**Task brief**
Please output exactly the lines from the one containing "A couple driving" through the end of the records below, leaving out any pictures.

Dataset records
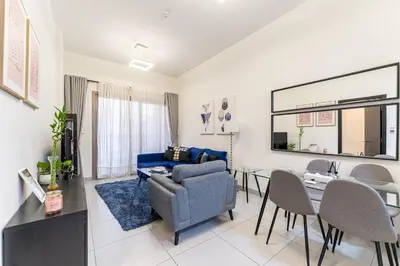 a living room with a blue couch and a table at HAVN - 1 bedroom in The Wings, Arjan in Dubai
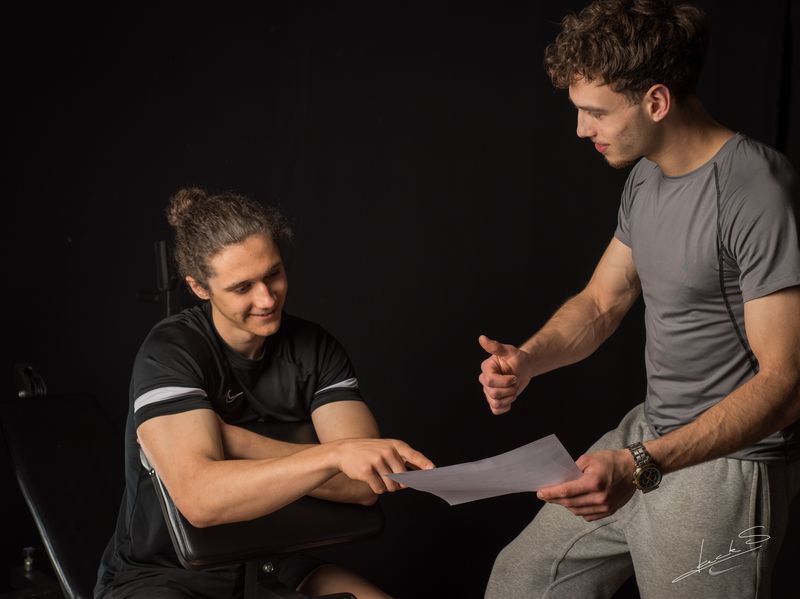 Coach en klant overlopen samen een trainingsschema op maat: series, herhalingen en gewichten per oefening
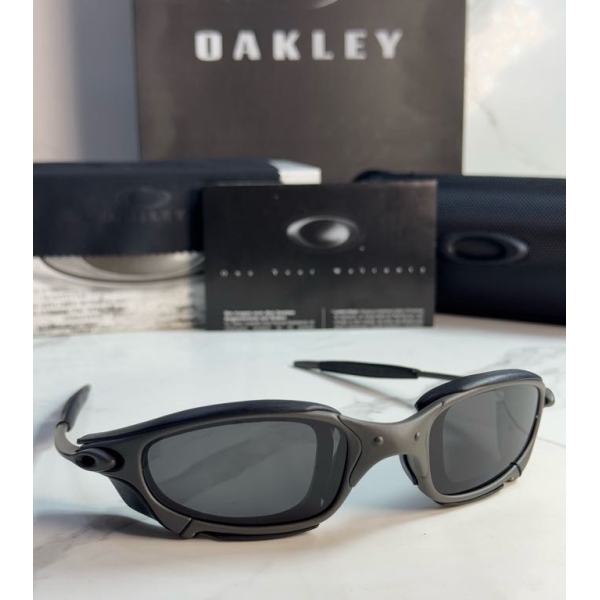 Lentes OAKLEY — Ref. LF-L235-0443 con el packaging mostrado en la fotografía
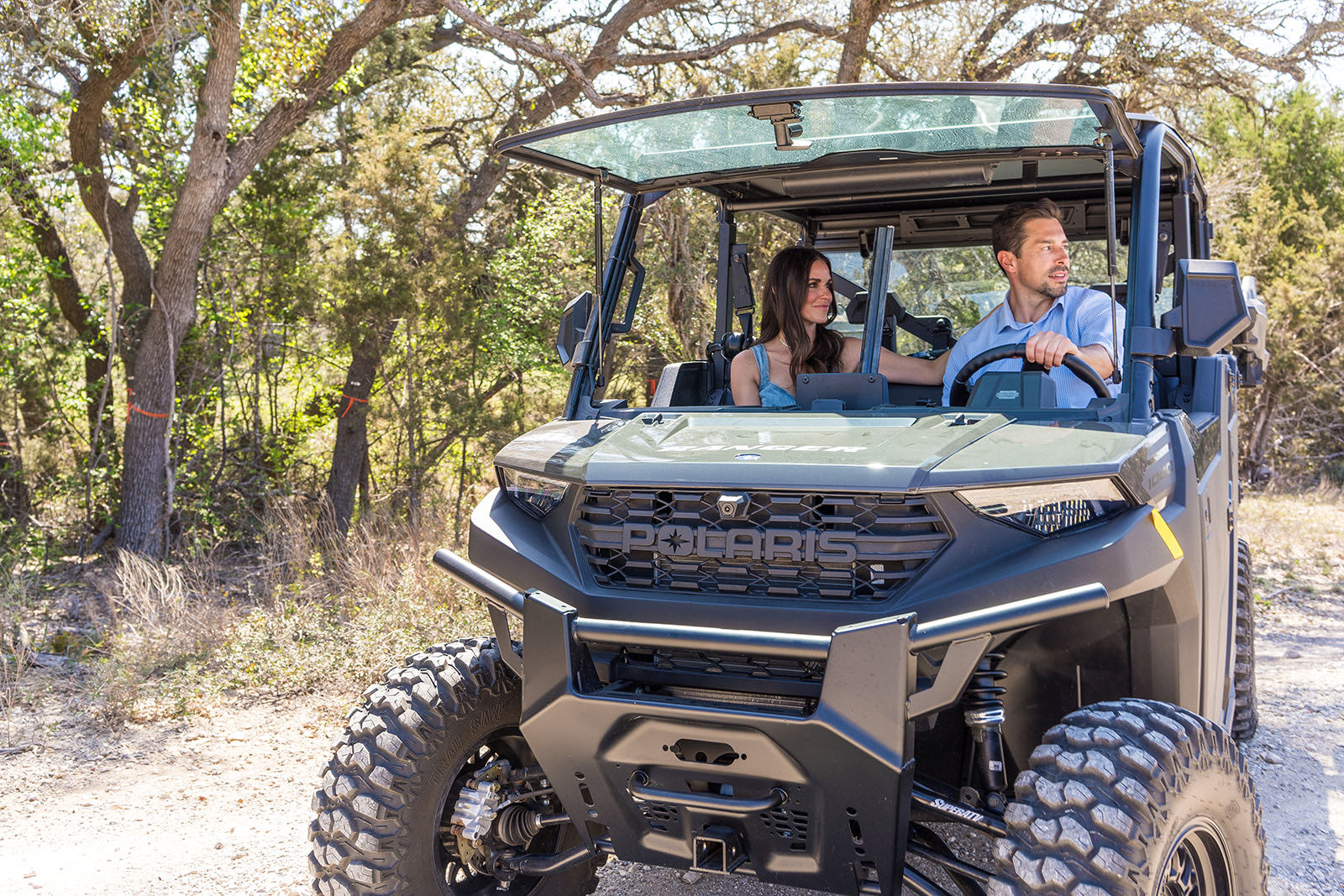 A couple driving a side-by-side along a ranch road beneath live oaks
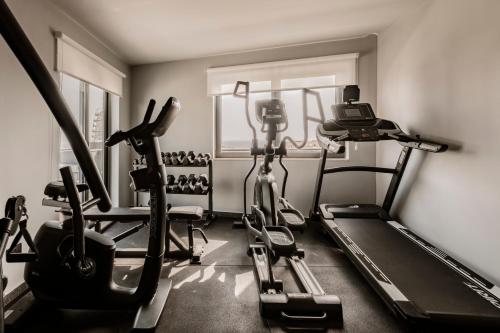 a gym with two exercise bikes and a treadmill at Spinola Hotel in St Julian's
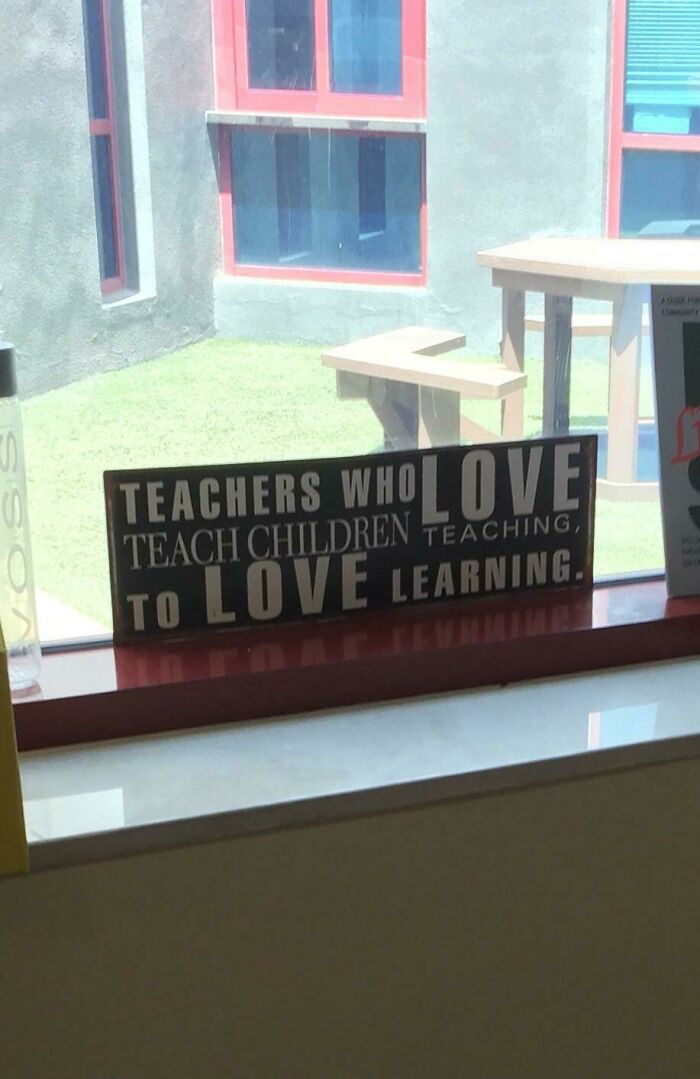 Funny sign with mixed-up text about teachers loving teaching and children loving learning, a comedic gold moment.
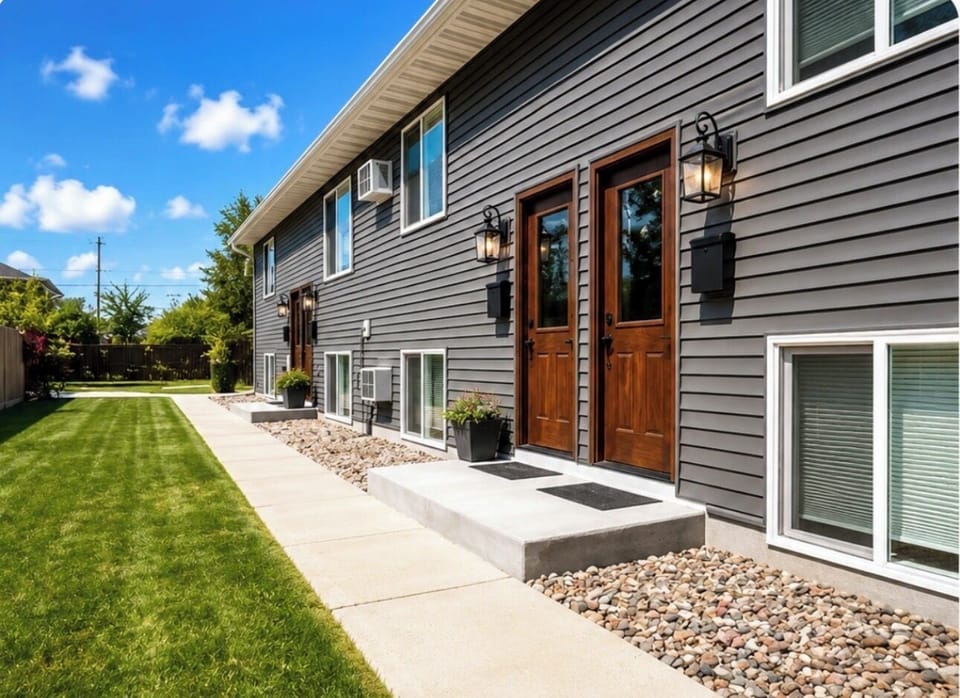 Private exterior entrance with well-kept walkway and landscaped lawn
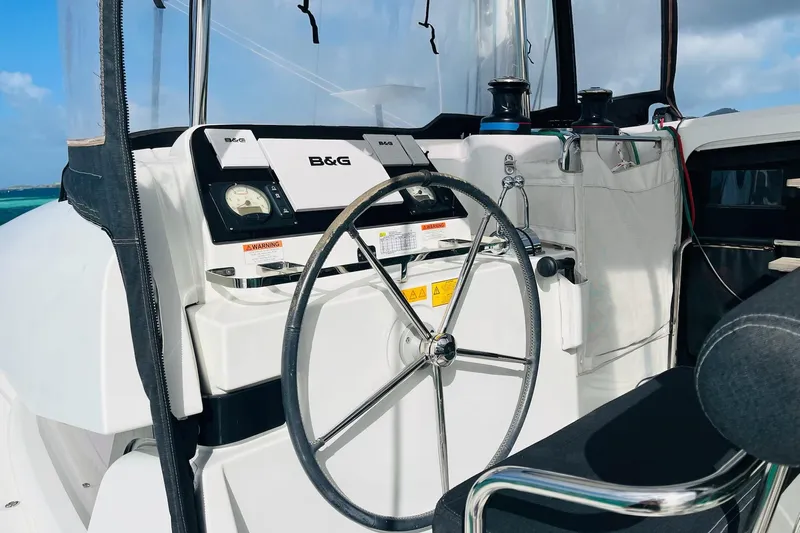 Always Sunday Yacht Photos Pics Steering wheel and controls of a 2020 Lagoon 42 catamaran, featuring B&G navigation equipment.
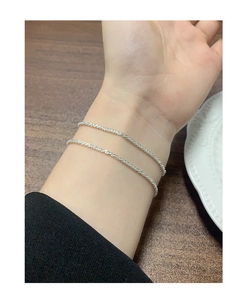 Macro shot of minimalist silver layered bracelets on wrist over a wooden background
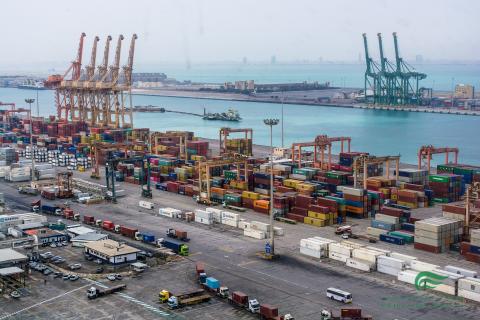 Aerial view of a container port with cranes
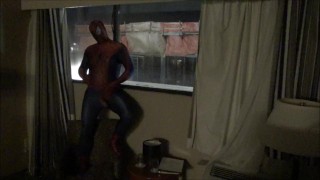 spiderman jerking off watching construction workers from his hotel window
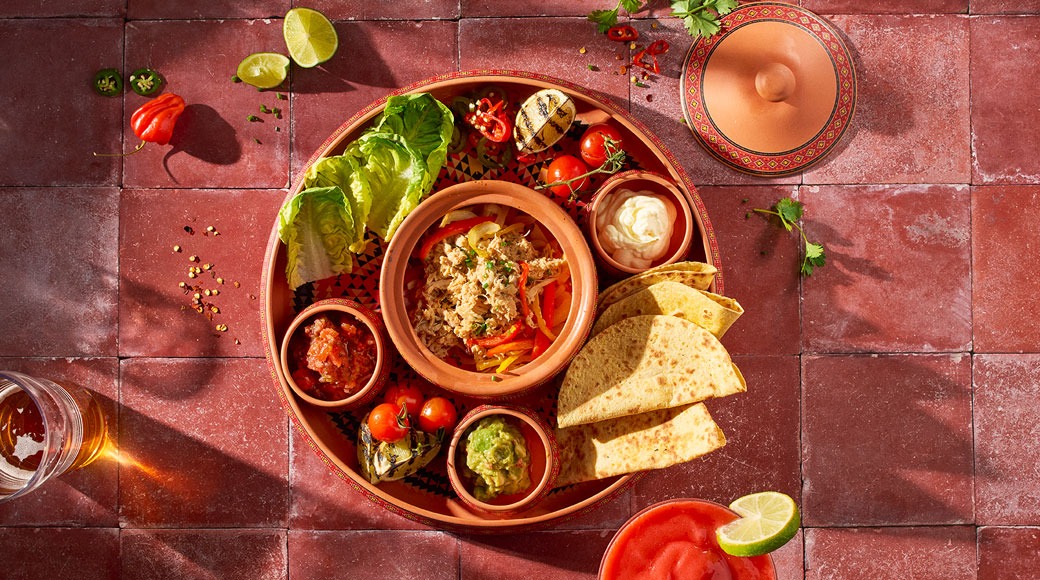 Terrakotataldrik tortillade, paprikaga hakitud liha, salsa, guakamole, hapukoore ja salatiga. Kõrval laimiviilud ja joogid.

**Written reply**
 A couple driving a side-by-side along a ranch road beneath live oaks
 a gym with two exercise bikes and a treadmill at Spinola Hotel in St Julian's
 Funny sign with mixed-up text about teachers loving teaching and children loving learning, a comedic gold moment.
 Private exterior entrance with well-kept walkway and landscaped lawn
 Always Sunday Yacht Photos Pics Steering wheel and controls of a 2020 Lagoon 42 catamaran, featuring B&G navigation equipment.
 Macro shot of minimalist silver layered bracelets on wrist over a wooden background
 Aerial view of a container port with cranes
 spiderman jerking off watching construction workers from his hotel window
 Terrakotataldrik tortillade, paprikaga hakitud liha, salsa, guakamole, hapukoore ja salatiga. Kõrval laimiviilud ja joogid.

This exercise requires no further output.